_PROBLEM_:
Take the data below and copy exactly the lines starting at the one with "Marsh Landing Restaurant, 44" and finishing at the one with "They always have", both included.

_GIVEN RECORDS_:
>>
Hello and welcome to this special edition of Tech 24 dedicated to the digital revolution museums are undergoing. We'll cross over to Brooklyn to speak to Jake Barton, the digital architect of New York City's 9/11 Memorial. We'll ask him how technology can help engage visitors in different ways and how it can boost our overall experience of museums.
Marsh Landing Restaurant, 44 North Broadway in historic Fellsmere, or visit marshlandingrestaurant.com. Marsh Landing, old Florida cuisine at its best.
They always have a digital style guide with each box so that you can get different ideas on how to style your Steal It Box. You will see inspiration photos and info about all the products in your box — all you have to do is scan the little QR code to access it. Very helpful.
<<
>>
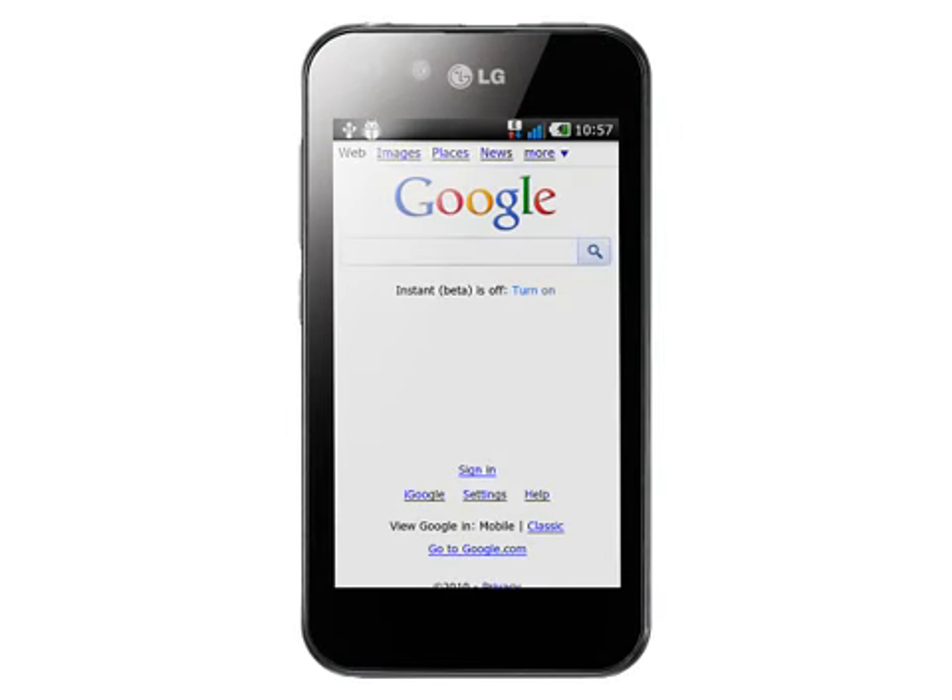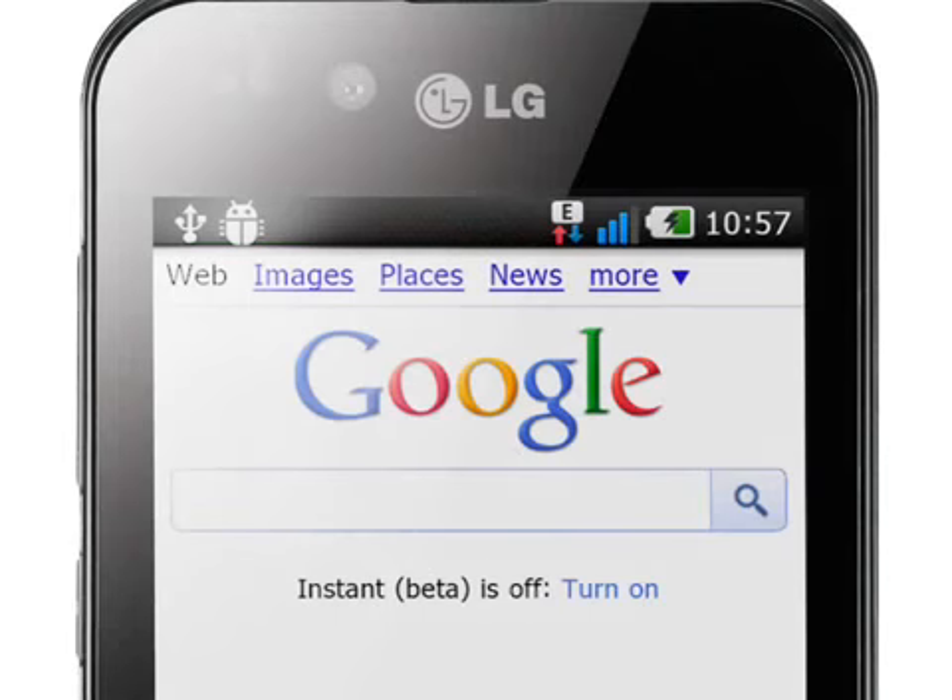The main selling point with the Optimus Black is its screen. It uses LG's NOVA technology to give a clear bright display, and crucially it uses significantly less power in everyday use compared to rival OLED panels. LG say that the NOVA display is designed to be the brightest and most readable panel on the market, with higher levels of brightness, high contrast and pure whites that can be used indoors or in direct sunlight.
<<
>>
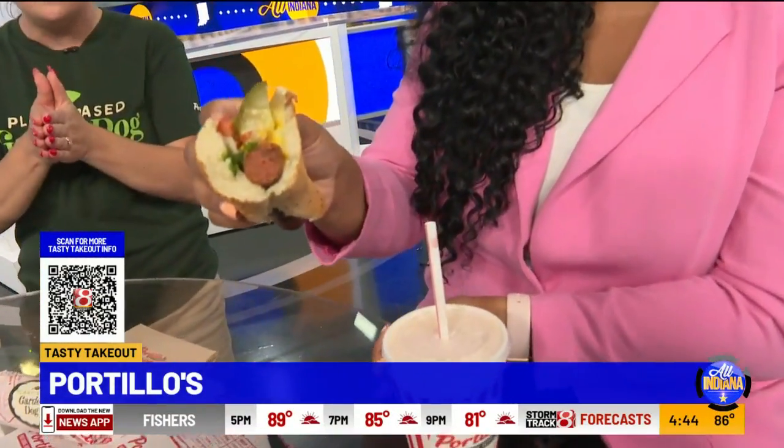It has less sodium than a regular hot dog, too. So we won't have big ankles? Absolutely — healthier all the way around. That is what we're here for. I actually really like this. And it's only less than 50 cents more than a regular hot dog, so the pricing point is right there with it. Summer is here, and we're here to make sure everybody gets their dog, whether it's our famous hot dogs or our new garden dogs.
<<
_EXPECTED ANSWER_:
Marsh Landing Restaurant, 44 North Broadway in historic Fellsmere, or visit marshlandingrestaurant.com. Marsh Landing, old Florida cuisine at its best.
They always have a digital style guide with each box so that you can get different ideas on how to style your Steal It Box. You will see inspiration photos and info about all the products in your box — all you have to do is scan the little QR code to access it. Very helpful.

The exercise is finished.